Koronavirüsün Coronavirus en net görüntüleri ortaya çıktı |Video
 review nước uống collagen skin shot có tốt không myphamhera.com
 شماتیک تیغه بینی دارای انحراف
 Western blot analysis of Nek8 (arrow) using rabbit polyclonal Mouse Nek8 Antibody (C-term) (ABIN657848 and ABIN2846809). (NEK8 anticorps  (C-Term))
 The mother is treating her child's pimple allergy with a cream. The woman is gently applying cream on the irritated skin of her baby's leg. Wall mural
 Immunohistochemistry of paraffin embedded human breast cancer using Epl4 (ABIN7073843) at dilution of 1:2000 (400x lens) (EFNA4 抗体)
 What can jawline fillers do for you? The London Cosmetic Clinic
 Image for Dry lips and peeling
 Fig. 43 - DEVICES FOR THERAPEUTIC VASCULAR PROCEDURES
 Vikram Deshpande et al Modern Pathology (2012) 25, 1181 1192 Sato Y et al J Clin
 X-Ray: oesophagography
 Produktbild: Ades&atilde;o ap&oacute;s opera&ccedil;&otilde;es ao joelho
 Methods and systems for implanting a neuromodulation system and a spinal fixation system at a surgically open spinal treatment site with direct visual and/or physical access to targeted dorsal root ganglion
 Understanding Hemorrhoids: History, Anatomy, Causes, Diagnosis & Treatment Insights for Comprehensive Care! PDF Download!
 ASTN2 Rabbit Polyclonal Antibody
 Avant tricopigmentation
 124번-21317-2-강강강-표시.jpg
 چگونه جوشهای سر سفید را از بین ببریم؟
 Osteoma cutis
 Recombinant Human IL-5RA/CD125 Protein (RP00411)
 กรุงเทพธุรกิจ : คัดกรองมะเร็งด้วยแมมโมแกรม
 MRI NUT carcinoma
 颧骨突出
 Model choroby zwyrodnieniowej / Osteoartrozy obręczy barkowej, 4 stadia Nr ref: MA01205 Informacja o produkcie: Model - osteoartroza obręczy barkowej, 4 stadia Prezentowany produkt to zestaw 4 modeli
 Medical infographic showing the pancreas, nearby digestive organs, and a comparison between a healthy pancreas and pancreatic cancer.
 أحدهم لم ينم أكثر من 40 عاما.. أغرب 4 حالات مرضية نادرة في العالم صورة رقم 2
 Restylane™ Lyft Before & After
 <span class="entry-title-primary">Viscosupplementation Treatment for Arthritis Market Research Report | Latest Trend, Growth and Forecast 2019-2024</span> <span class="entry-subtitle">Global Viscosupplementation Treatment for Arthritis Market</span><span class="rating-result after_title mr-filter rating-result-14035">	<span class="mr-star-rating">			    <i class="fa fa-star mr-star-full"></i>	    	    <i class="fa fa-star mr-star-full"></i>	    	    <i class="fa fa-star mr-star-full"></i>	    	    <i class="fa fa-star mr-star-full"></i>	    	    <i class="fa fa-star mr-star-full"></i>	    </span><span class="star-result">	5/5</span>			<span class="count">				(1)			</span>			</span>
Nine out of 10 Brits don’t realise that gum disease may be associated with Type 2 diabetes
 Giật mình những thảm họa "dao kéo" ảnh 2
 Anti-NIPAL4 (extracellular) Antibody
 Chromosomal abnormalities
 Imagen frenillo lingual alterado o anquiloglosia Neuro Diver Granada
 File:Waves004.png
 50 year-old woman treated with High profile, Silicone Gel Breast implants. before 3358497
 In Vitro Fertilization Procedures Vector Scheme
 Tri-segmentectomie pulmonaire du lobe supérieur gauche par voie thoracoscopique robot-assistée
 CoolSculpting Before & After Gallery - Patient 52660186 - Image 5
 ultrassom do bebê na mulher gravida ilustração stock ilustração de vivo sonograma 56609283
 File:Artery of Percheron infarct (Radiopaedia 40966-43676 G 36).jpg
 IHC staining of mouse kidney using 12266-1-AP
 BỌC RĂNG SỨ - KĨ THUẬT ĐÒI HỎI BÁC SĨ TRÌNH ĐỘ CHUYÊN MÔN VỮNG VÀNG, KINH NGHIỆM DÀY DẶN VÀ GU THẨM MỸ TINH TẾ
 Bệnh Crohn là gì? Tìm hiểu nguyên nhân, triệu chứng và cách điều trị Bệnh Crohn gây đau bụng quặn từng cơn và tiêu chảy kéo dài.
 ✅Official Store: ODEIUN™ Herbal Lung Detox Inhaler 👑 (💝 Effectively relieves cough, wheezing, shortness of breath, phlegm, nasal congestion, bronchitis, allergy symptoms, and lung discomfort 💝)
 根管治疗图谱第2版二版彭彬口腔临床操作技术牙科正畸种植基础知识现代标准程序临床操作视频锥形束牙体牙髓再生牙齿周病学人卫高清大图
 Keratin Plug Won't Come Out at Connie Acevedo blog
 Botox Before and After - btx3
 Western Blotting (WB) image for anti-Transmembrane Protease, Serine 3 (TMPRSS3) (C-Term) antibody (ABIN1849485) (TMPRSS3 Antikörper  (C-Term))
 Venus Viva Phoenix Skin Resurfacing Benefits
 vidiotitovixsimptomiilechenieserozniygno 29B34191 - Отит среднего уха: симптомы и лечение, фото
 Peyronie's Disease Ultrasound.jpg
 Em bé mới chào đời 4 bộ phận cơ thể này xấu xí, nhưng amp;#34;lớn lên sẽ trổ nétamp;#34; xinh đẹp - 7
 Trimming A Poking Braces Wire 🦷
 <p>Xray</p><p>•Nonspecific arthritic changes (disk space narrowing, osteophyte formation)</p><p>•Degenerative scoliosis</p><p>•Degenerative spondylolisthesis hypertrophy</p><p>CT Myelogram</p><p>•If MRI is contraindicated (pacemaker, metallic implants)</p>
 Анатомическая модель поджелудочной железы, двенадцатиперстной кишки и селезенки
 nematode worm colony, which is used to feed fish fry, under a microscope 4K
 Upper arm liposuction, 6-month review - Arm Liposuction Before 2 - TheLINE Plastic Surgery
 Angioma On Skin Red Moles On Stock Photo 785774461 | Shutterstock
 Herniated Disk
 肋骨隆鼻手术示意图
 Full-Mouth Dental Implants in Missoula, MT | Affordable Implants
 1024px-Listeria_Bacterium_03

---*---

Write the whole listing out again, exactly as it appears above.

Koronavirüsün Coronavirus en net görüntüleri ortaya çıktı |Video
 review nước uống collagen skin shot có tốt không myphamhera.com
 شماتیک تیغه بینی دارای انحراف
 Western blot analysis of Nek8 (arrow) using rabbit polyclonal Mouse Nek8 Antibody (C-term) (ABIN657848 and ABIN2846809). (NEK8 anticorps  (C-Term))
 The mother is treating her child's pimple allergy with a cream. The woman is gently applying cream on the irritated skin of her baby's leg. Wall mural
 Immunohistochemistry of paraffin embedded human breast cancer using Epl4 (ABIN7073843) at dilution of 1:2000 (400x lens) (EFNA4 抗体)
 What can jawline fillers do for you? The London Cosmetic Clinic
 Image for Dry lips and peeling
 Fig. 43 - DEVICES FOR THERAPEUTIC VASCULAR PROCEDURES
 Vikram Deshpande et al Modern Pathology (2012) 25, 1181 1192 Sato Y et al J Clin
 X-Ray: oesophagography
 Produktbild: Ades&atilde;o ap&oacute;s opera&ccedil;&otilde;es ao joelho
 Methods and systems for implanting a neuromodulation system and a spinal fixation system at a surgically open spinal treatment site with direct visual and/or physical access to targeted dorsal root ganglion
 Understanding Hemorrhoids: History, Anatomy, Causes, Diagnosis & Treatment Insights for Comprehensive Care! PDF Download!
 ASTN2 Rabbit Polyclonal Antibody
 Avant tricopigmentation
 124번-21317-2-강강강-표시.jpg
 چگونه جوشهای سر سفید را از بین ببریم؟
 Osteoma cutis
 Recombinant Human IL-5RA/CD125 Protein (RP00411)
 กรุงเทพธุรกิจ : คัดกรองมะเร็งด้วยแมมโมแกรม
 MRI NUT carcinoma
 颧骨突出
 Model choroby zwyrodnieniowej / Osteoartrozy obręczy barkowej, 4 stadia Nr ref: MA01205 Informacja o produkcie: Model - osteoartroza obręczy barkowej, 4 stadia Prezentowany produkt to zestaw 4 modeli
 Medical infographic showing the pancreas, nearby digestive organs, and a comparison between a healthy pancreas and pancreatic cancer.
 أحدهم لم ينم أكثر من 40 عاما.. أغرب 4 حالات مرضية نادرة في العالم صورة رقم 2
 Restylane™ Lyft Before & After
 <span class="entry-title-primary">Viscosupplementation Treatment for Arthritis Market Research Report | Latest Trend, Growth and Forecast 2019-2024</span> <span class="entry-subtitle">Global Viscosupplementation Treatment for Arthritis Market</span><span class="rating-result after_title mr-filter rating-result-14035">	<span class="mr-star-rating">			    <i class="fa fa-star mr-star-full"></i>	    	    <i class="fa fa-star mr-star-full"></i>	    	    <i class="fa fa-star mr-star-full"></i>	    	    <i class="fa fa-star mr-star-full"></i>	    	    <i class="fa fa-star mr-star-full"></i>	    </span><span class="star-result">	5/5</span>			<span class="count">				(1)			</span>			</span>
Nine out of 10 Brits don’t realise that gum disease may be associated with Type 2 diabetes
 Giật mình những thảm họa "dao kéo" ảnh 2
 Anti-NIPAL4 (extracellular) Antibody
 Chromosomal abnormalities
 Imagen frenillo lingual alterado o anquiloglosia Neuro Diver Granada
 File:Waves004.png
 50 year-old woman treated with High profile, Silicone Gel Breast implants. before 3358497
 In Vitro Fertilization Procedures Vector Scheme
 Tri-segmentectomie pulmonaire du lobe supérieur gauche par voie thoracoscopique robot-assistée
 CoolSculpting Before & After Gallery - Patient 52660186 - Image 5
 ultrassom do bebê na mulher gravida ilustração stock ilustração de vivo sonograma 56609283
 File:Artery of Percheron infarct (Radiopaedia 40966-43676 G 36).jpg
 IHC staining of mouse kidney using 12266-1-AP
 BỌC RĂNG SỨ - KĨ THUẬT ĐÒI HỎI BÁC SĨ TRÌNH ĐỘ CHUYÊN MÔN VỮNG VÀNG, KINH NGHIỆM DÀY DẶN VÀ GU THẨM MỸ TINH TẾ
 Bệnh Crohn là gì? Tìm hiểu nguyên nhân, triệu chứng và cách điều trị Bệnh Crohn gây đau bụng quặn từng cơn và tiêu chảy kéo dài.
 ✅Official Store: ODEIUN™ Herbal Lung Detox Inhaler 👑 (💝 Effectively relieves cough, wheezing, shortness of breath, phlegm, nasal congestion, bronchitis, allergy symptoms, and lung discomfort 💝)
 根管治疗图谱第2版二版彭彬口腔临床操作技术牙科正畸种植基础知识现代标准程序临床操作视频锥形束牙体牙髓再生牙齿周病学人卫高清大图
 Keratin Plug Won't Come Out at Connie Acevedo blog
 Botox Before and After - btx3
 Western Blotting (WB) image for anti-Transmembrane Protease, Serine 3 (TMPRSS3) (C-Term) antibody (ABIN1849485) (TMPRSS3 Antikörper  (C-Term))
 Venus Viva Phoenix Skin Resurfacing Benefits
 vidiotitovixsimptomiilechenieserozniygno 29B34191 - Отит среднего уха: симптомы и лечение, фото
 Peyronie's Disease Ultrasound.jpg
 Em bé mới chào đời 4 bộ phận cơ thể này xấu xí, nhưng amp;#34;lớn lên sẽ trổ nétamp;#34; xinh đẹp - 7
 Trimming A Poking Braces Wire 🦷
 <p>Xray</p><p>•Nonspecific arthritic changes (disk space narrowing, osteophyte formation)</p><p>•Degenerative scoliosis</p><p>•Degenerative spondylolisthesis hypertrophy</p><p>CT Myelogram</p><p>•If MRI is contraindicated (pacemaker, metallic implants)</p>
 Анатомическая модель поджелудочной железы, двенадцатиперстной кишки и селезенки
 nematode worm colony, which is used to feed fish fry, under a microscope 4K
 Upper arm liposuction, 6-month review - Arm Liposuction Before 2 - TheLINE Plastic Surgery
 Angioma On Skin Red Moles On Stock Photo 785774461 | Shutterstock
 Herniated Disk
 肋骨隆鼻手术示意图
 Full-Mouth Dental Implants in Missoula, MT | Affordable Implants
 1024px-Listeria_Bacterium_03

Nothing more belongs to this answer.